Crédit photo Catherine Abou El Khair

Développeurs, administrateurs, gestionnaires de données… Face aux pénuries de compétences sur les métiers numériques, les entreprises doivent innover dans leurs critères et méthodes de recrutement. L’étendue des besoins les force aujourd’hui à se débarrasser de toutes leurs idées reçues.

Une fois n’est plus coutume, l’informatique a fait partie, en 2019, des secteurs sujets à de fortes pénuries de recrutement : d’après la dernière enquête Besoins en main-d’œuvre de Pôle emploi, les ingénieurs et cadres d’étude, recherche et développement en informatique, et chefs de projets informatiques figuraient parmi le top 15 des métiers les plus recherchés, mais aussi les plus difficiles à pourvoir : 72 % des plus de 47 000 projets de recrutements prévus cette année sont anticipés comme difficiles. Certains métiers connaissent de fortes tensions, d’après Audrey Pérocheau, directrice du développement des compétences à Pôle emploi : codeur, technicien informatique, testeur logiciel, administrateur système réseau, gestionnaire de base de données ou encore data analyst font partie, entre autres, des métiers sur lesquels les tensions sont élevées.

Les pouvoirs publics s’emploient à transformer cette pénurie en opportunité pour des publics moins favorisés ou éloignés de ces métiers. Lancée en 2016, la Grande école du numérique, établissement qui labellise aujourd’hui près de 700 formations dans le domaine, a vocation à répondre aux besoins des entreprises en puisant dans de nouveaux viviers sans prérequis académique. 12 000 personnes ont été formées en 2018 et le même volume le sera cette année dans près de 80 métiers. Démarré l’an dernier, le plan « 10 000 formations au numérique » vise, lui, à accélérer l’insertion des jeunes et des demandeurs d’emploi bac ou infrabac. Les formations « cœur du numérique » progressent : en 2018, elles représentaient 3 % des formations financées par les différents partenaires publics (Pôle emploi, conseils régionaux, Opco), contre 1,5 % en 2017. Depuis plusieurs années, les entreprises du numérique n’hésitent plus à recruter parmi les chômeurs en mobilisant les actions de formation préalables au recrutement.

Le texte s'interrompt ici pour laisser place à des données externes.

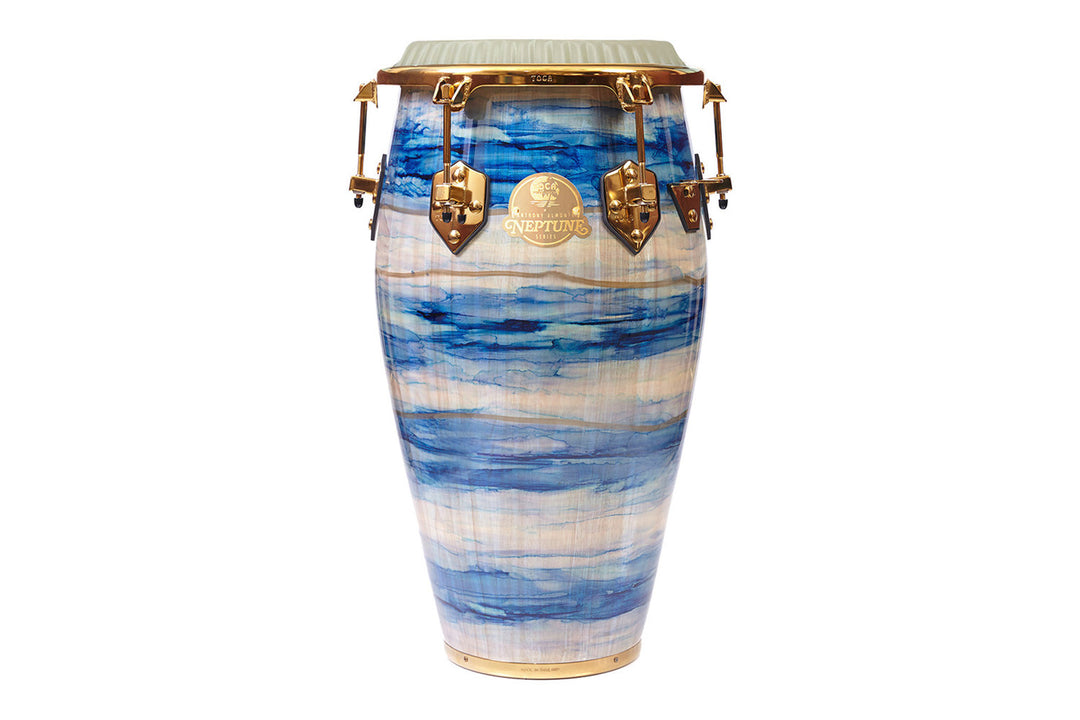 Toca Conga Signature Series Anthony Almonte Neptune - 11 3/4" Conga (6111-34-AAN)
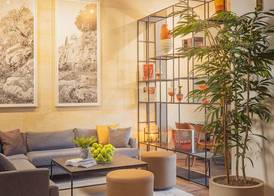 Cassia Hotel Jerusalem 4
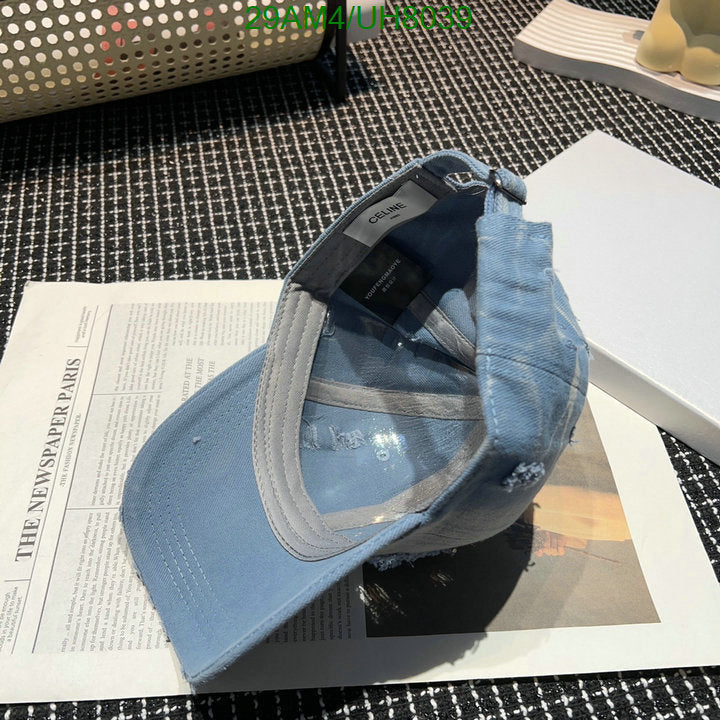 SAMC - COL Caps & Hats - 058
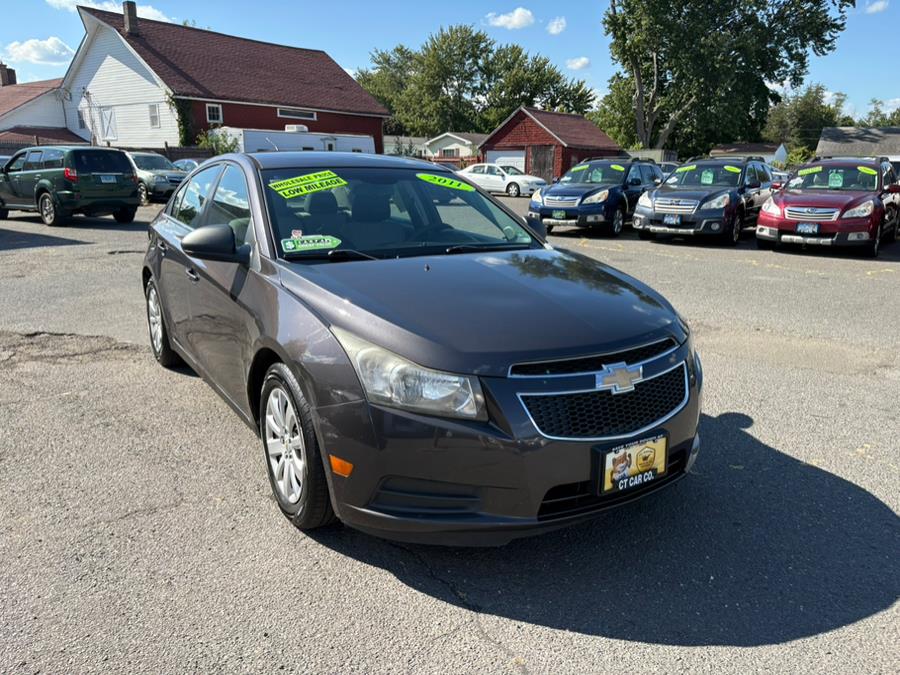 Used 2011 Chevrolet Cruze in East Windsor, Connecticut | CT Car Co LLC. East Windsor, Connecticut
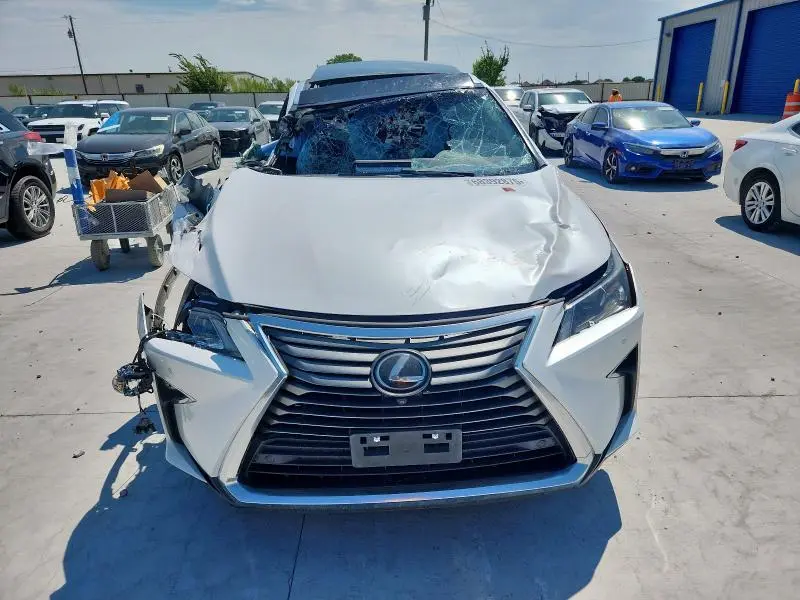 2018 LEXUS RX 350 BASE  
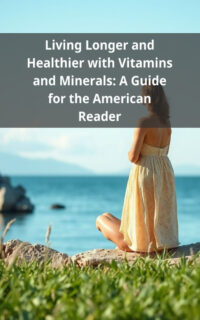Living Longer and Healthier with Vitamins and Minerals: A Guide for the American Reader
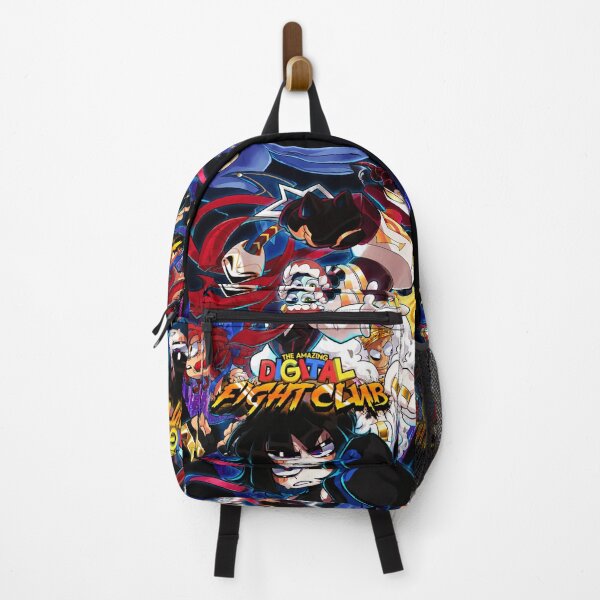 Item preview, the amazing digital circus designed and sold by Molsabounat.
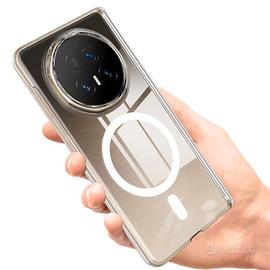 Custodia trasparente Honor Magic V5 prot. cerniera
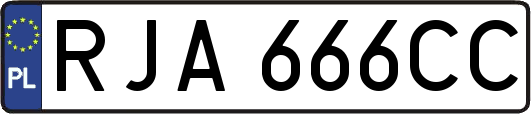 RJA666CC
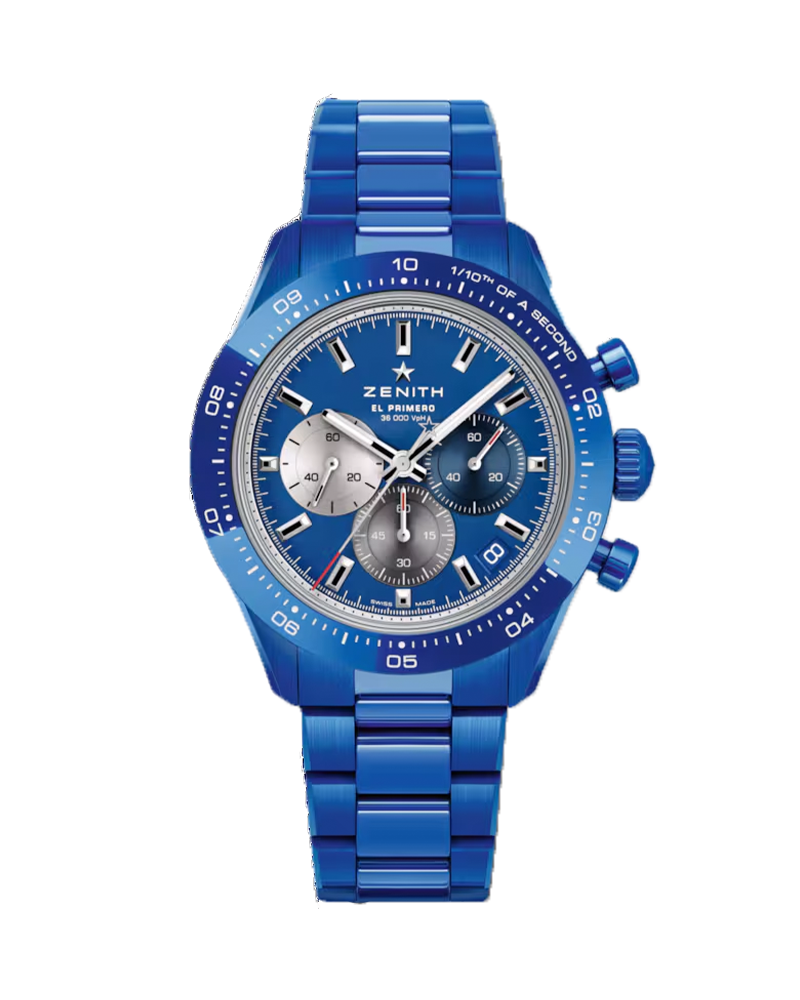 CHRONOMASTER SPORT 160th ANNIVERSARY EDITION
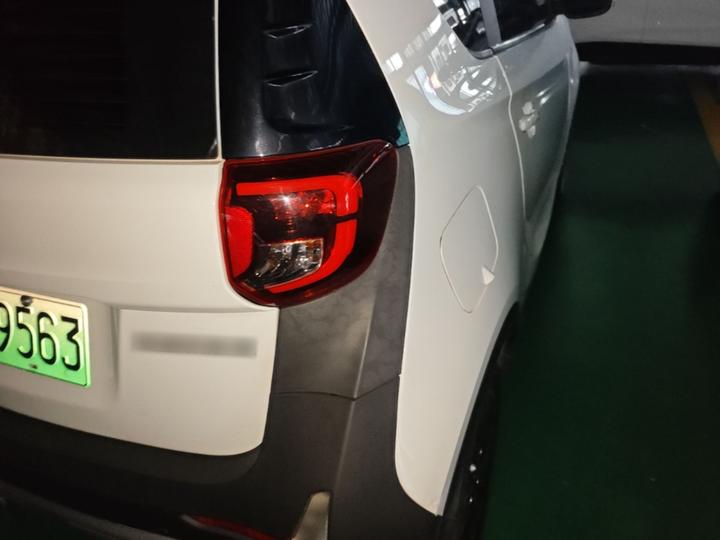 QQ Little Ant 2022 Facelift NCM 30.6kWh 30kW 301km photo 7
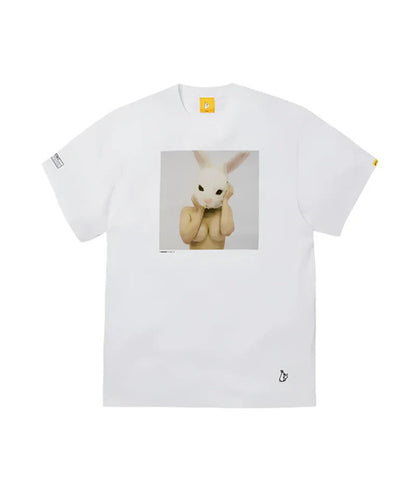 #FR2 Photo II Cotton Graphic Short-Sleeve T-Shirt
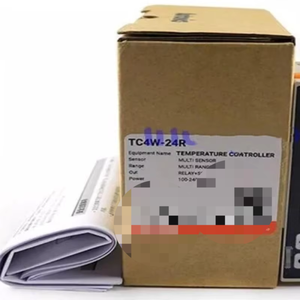 1PCS TC4W-24R <b>Temperature</b> <b>Controller</b> New Original Ready Stock Industrial Automation PLC Dedicated PLC Programming <b>Controller</b> - Product Image 1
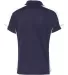 FeatherLite 5465 Women's Colorblocked Moisture Fre Navy/ White back view
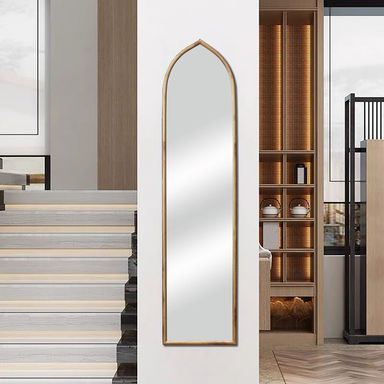 Solange Metal Flat Mirror
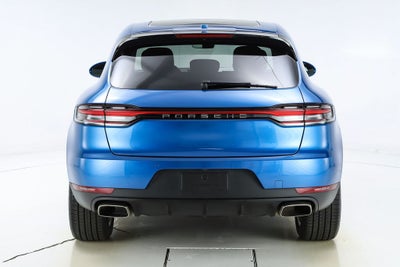 2021 Porsche Macan Base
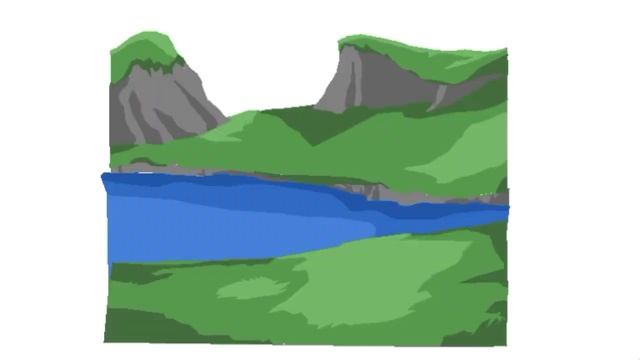 Stick Nodes Mountains pack 700Subs смотреть онлайн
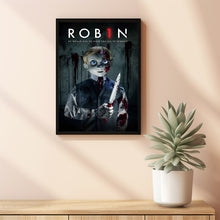 Rob1n 2025 Poster Art Print Movie Posters TV Posters Gift for Movie lovers 2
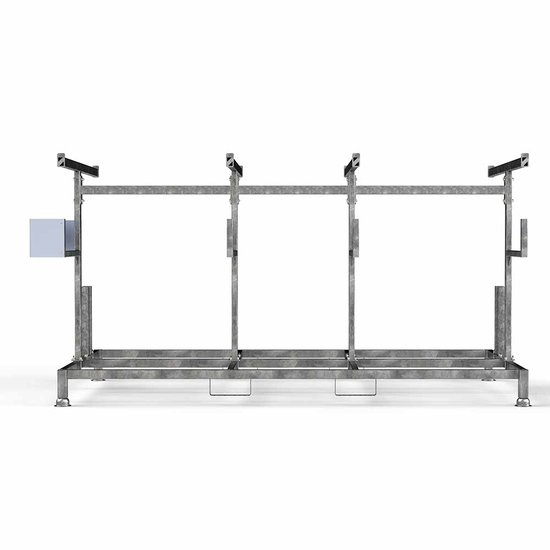 Euroscaffold Steigerbok 305 cm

Les « scientifiques » prisés

Des recettes qui font leurs preuves, comme les préparations opérationnelles à l’emploi (POE). « On a de beaux résultats, avec des belles reconversions », convient Neila Hamadache, déléguée à la formation au Syntec Numérique. Les métiers du numérique sont-ils pour autant accessibles à tous ? Pas encore. « On reste en majorité sur des profils scientifiques, des personnes qui ont fait des cursus de mathématiques, de physique mais qui ont changé de voie », selon l’animatrice de la commission formation. Avoir une formation scientifique aide en effet, selon elle, à « apprendre rapidement les bases du codage ». Mais il reste du travail à faire pour ouvrir encore davantage le secteur à des profils plus littéraires ou issus des sciences humaines. Une nécessité, tant les pénuries sont criantes et les candidats trop peu nombreux. « On est en train de réfléchir à comment on peut créer des passerelles entre des formations en sciences humaines et de la formation continue, plus technique et plus en lien avec le métier », souligne Neila Hamadache.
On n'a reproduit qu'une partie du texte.